_WORK TO COMPLETE_
An exact copy is needed of the lines in the entries below from the line with "EAN 4043619852284 - DeLOCK" up to and including the line with "img 1 attached", and of nothing else. Leave the pictures out.

_DATA FOR REVIEW_
== Segment start ==

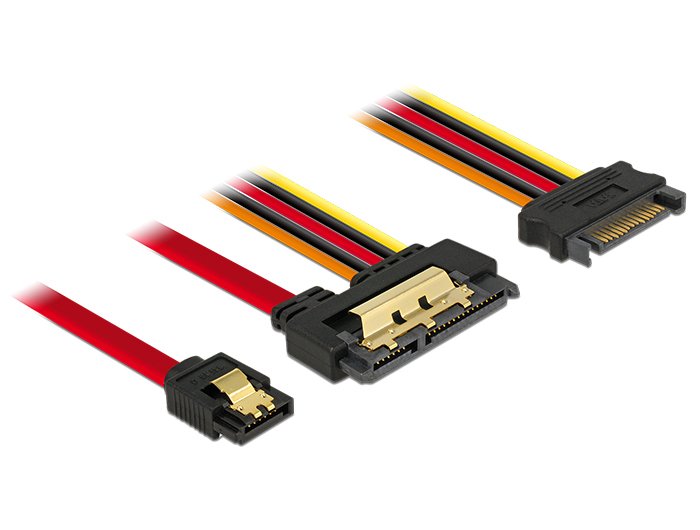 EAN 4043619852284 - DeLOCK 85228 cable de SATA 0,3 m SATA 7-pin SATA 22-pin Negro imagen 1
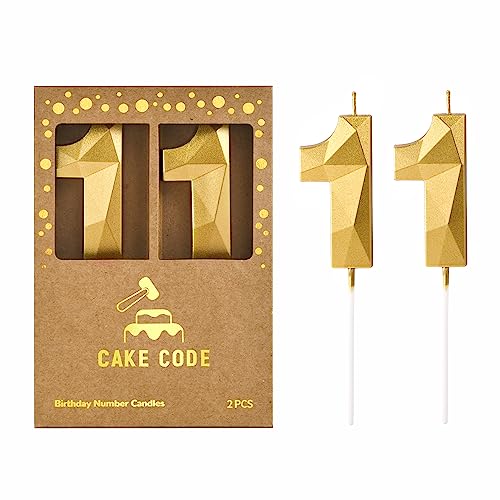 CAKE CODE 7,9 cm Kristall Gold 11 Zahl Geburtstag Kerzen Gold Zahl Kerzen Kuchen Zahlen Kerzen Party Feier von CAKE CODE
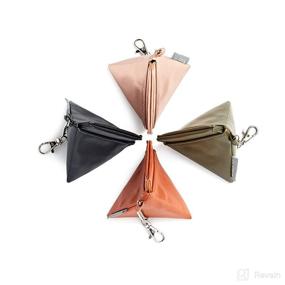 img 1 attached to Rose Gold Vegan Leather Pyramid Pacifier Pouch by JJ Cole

== Segment end ==
== Segment start ==

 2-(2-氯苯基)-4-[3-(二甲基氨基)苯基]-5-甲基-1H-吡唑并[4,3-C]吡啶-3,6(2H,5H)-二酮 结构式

== Segment end ==
== Segment start ==

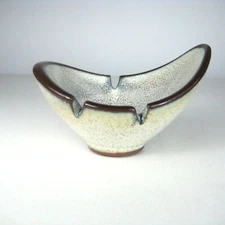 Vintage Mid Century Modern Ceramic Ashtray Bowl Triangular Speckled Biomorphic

== Segment end ==

_ANSWER BOX_
 EAN 4043619852284 - DeLOCK 85228 cable de SATA 0,3 m SATA 7-pin SATA 22-pin Negro imagen 1
 CAKE CODE 7,9 cm Kristall Gold 11 Zahl Geburtstag Kerzen Gold Zahl Kerzen Kuchen Zahlen Kerzen Party Feier von CAKE CODE
 img 1 attached to Rose Gold Vegan Leather Pyramid Pacifier Pouch by JJ Cole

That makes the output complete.